Mutational analysis for frontline patients showed mOS of 9.6m in patients with TP53 mutations, 24m in splicing mutations (P=0.347 compared to TP53, 25.1m for epigenetic mutations (P=0.195), 34m for RAS pathway mutations (P=0.154), and 35.7m in patients with none of the prior 4 mutations (P=0.075). Mutational analysis for R/R showed: mOS of 6.2m in patients with TP53 mutations, 12.2m in splicing mutations (P=0.048 when compared to TP53), 11.5m for epigenetic mutations (P=0.053), 27.1m for RAS pathway mutations (P=0.019), and 21.6m in patients with none of the prior 4 mutations (P=0.024).

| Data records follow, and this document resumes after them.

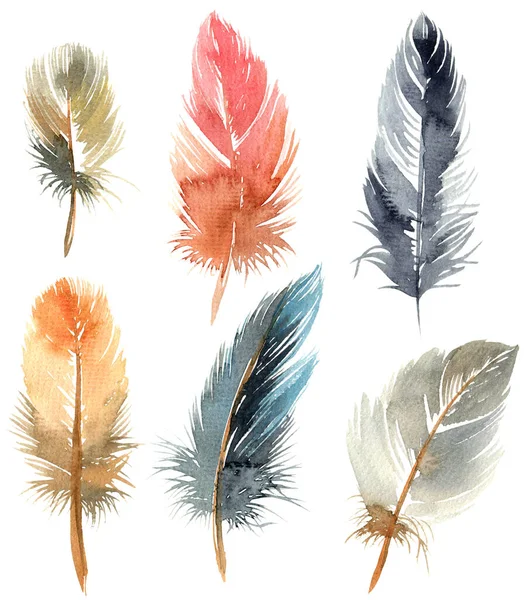 깃털은 수채화의 상징이다 — 스톡 사진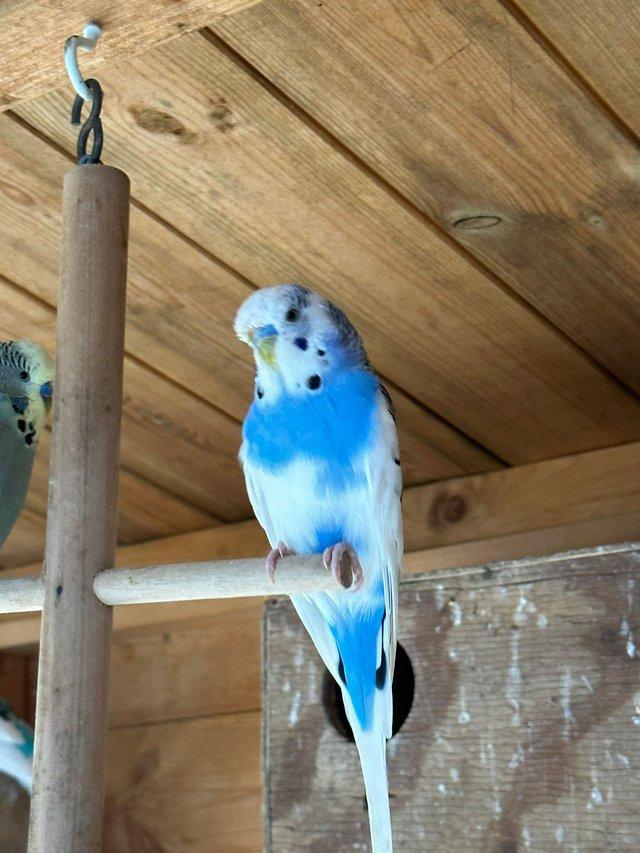 Preview of the first image of Beautiful Adult budgies for sale.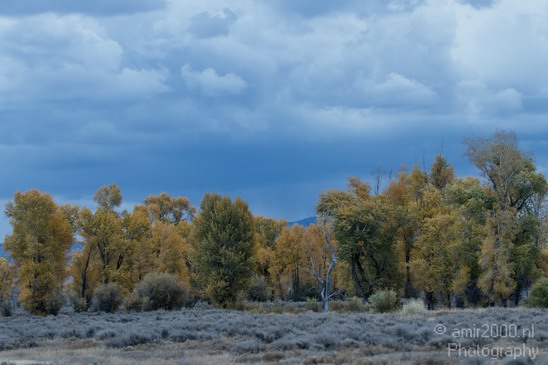 Teton_Yellowstone_national_park_usa_028.JPG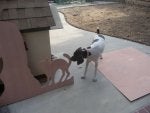 Canidae Dog Dog breed Ratonero bodeguero andaluz Sporting Group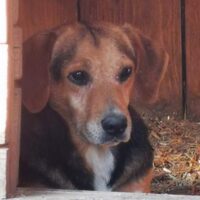 TEDI - eine sanfte Seele sucht ein liebevolles Zuhause!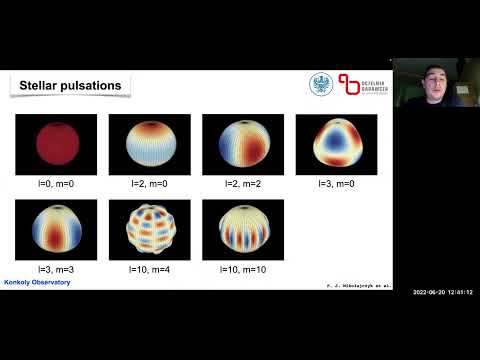 Przemyslaw J. Mikolajczyk  - Mercury-Manganese Stars In The Observations Of Tess Satellite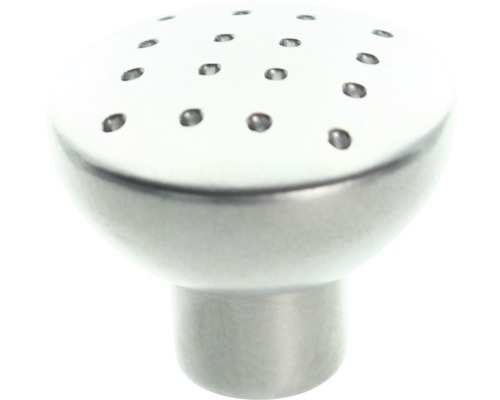 Brausekopf aus Metall mit Löchern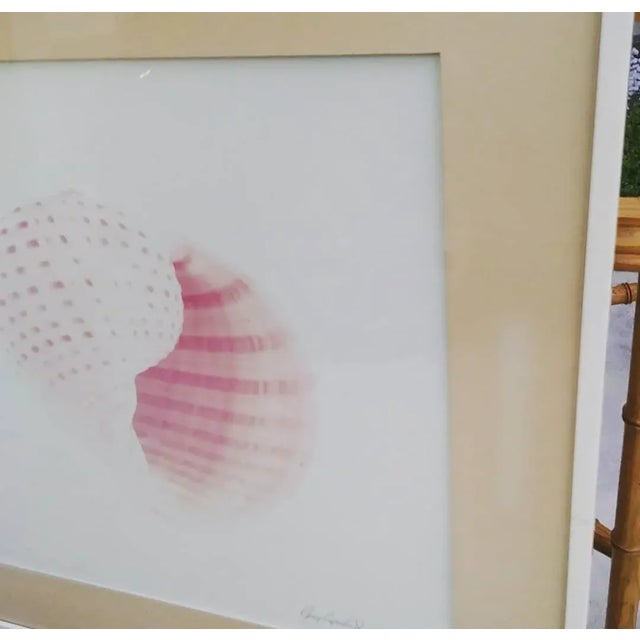 Vintage Greg Copeland Large Coastal Seashell Framed Signed Painting For Sale In West Palm - Image 6 of 7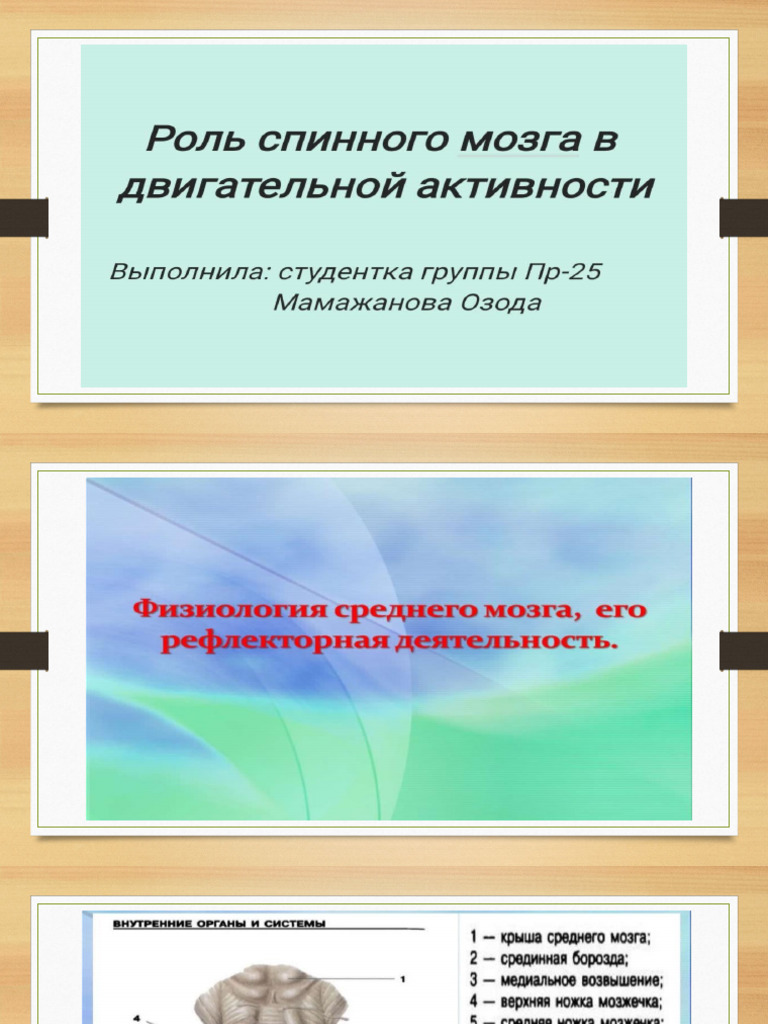 физиология | PDF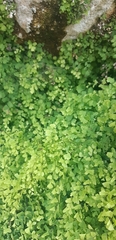 Adiantum capillus-veneris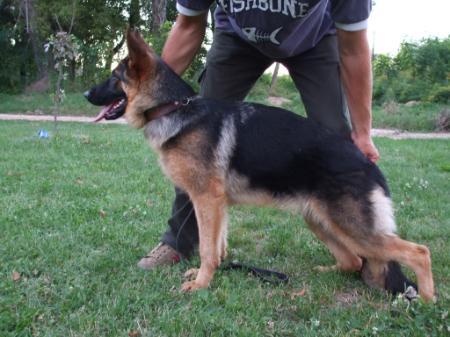 VV 1 Ajka-Kristályvölgyi Dafny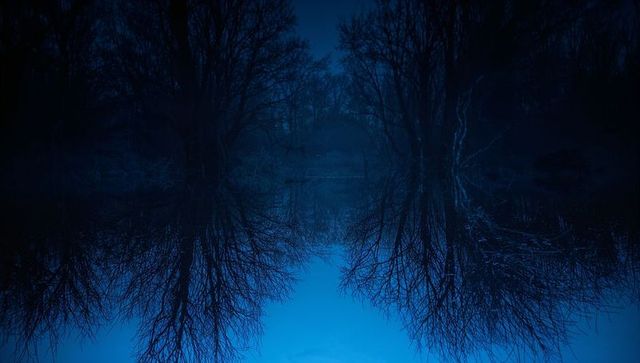 Reflecting leafless trees forming mirrored silhouettes over foggy lake under midnight blue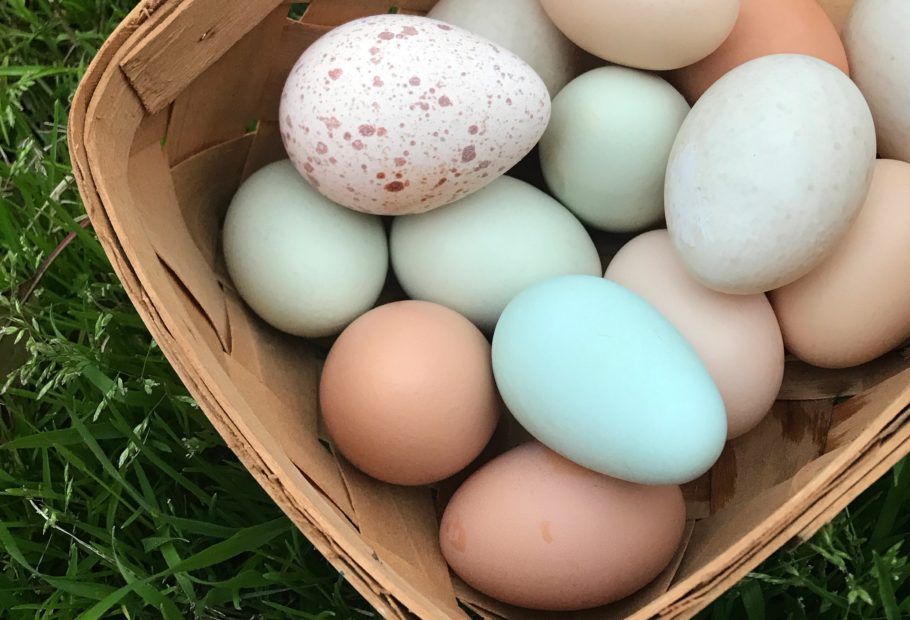 humidity for duck eggs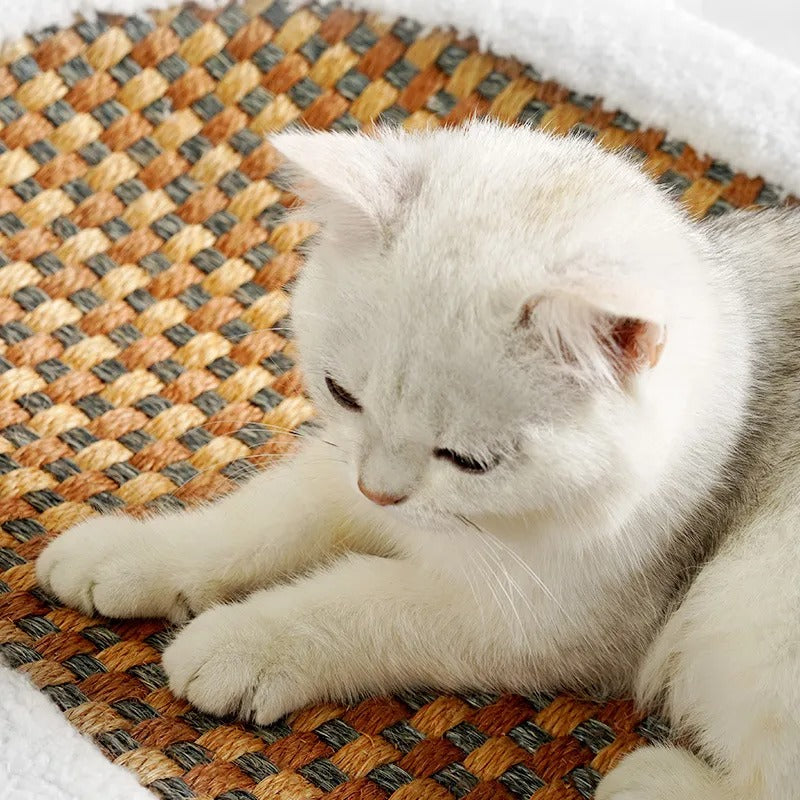Lit de Luxe pour Chat avec Griffoir – Confort & Bien-Être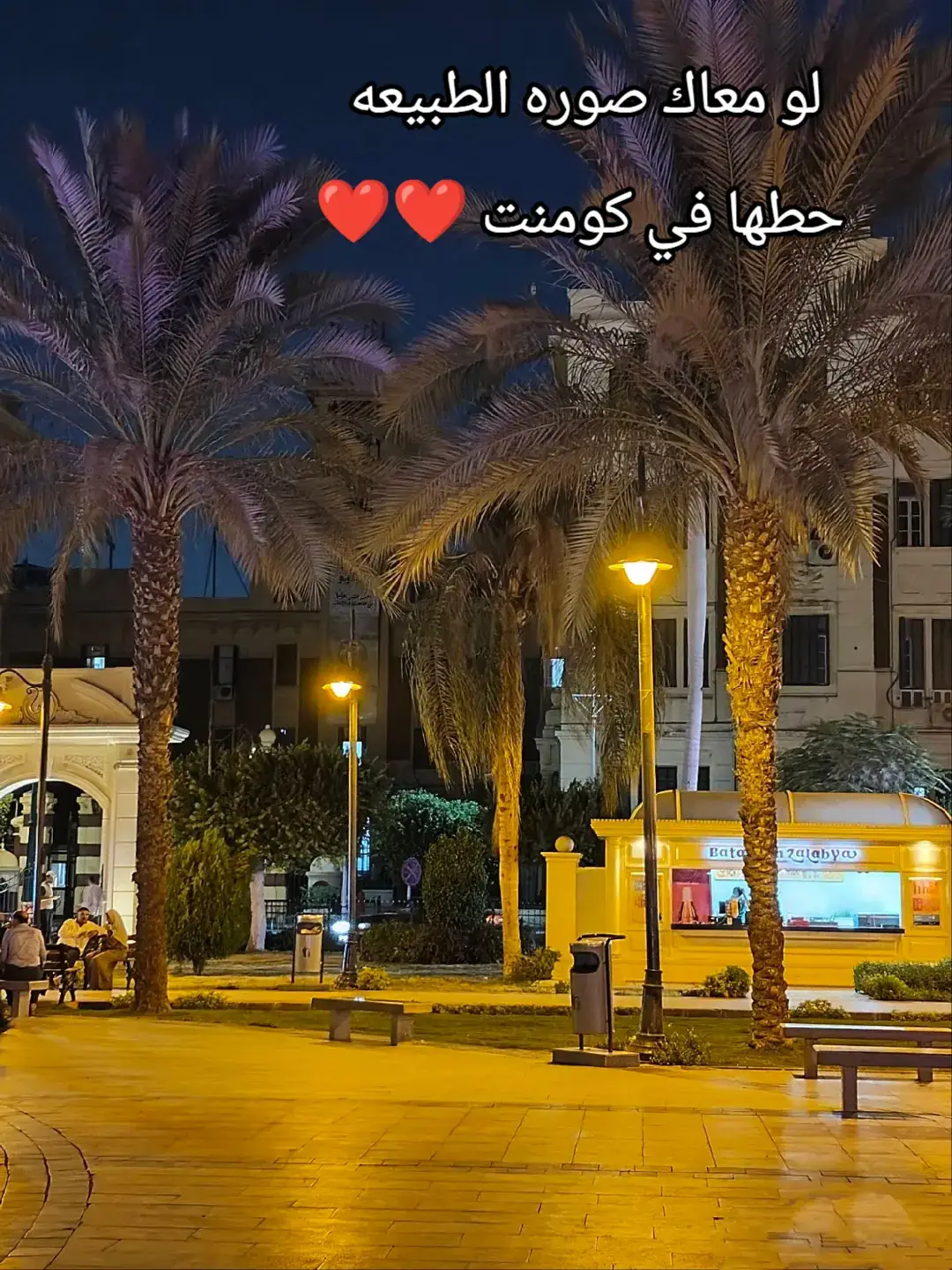 مش اجمل منك تلقي راحه بال كدا وانتا بتتفرح ع طبيعه ♥♥♥♥ #مدينة_السادات🤍♥  #اسكندريه  #صوره_الطبيعه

29 patients underwent allogeneic hematopoietic stem cell transplantation (allo-HSCT ). Regarding HSCT, the mOS in frontline patients who underwent HSCT was 39.7m vs 24.1m in non-HSCT patients (P=0.04). mOS in R/R patients was 36.2m vs 9.1m in HSCT vs non-HSCT patients, respectively (P <0.001). There was a trend for improved mOS in 14d vs 21d Ven in both frontline patients (29.2m vs 18.7m, respectively; P=0.204) and R/R patients (28.2m vs 9.8m ; P= 0.0987). Median number of cycles in patients not transplanted was 3 (range 1-30). Regarding TP53 mutations: N=2 went to allo-HSCT with mOS of 5.9m compared to mOS 7.9m (n=15) in non-HSCT (P=0.269).

Conclusion

IFI was rare and independent of prophylactic AF use. No detriment in outcomes based on time to ANC recovery or survival was observed based on AF use. TP53 patients had inferior OS with HMA/Ven irrespective of frontline or R/R setting with no other molecular subgroups prognostic of OS. Long term outcomes are significantly improved with HMA/Ven, particularly in patients bridged to allo-HSCT.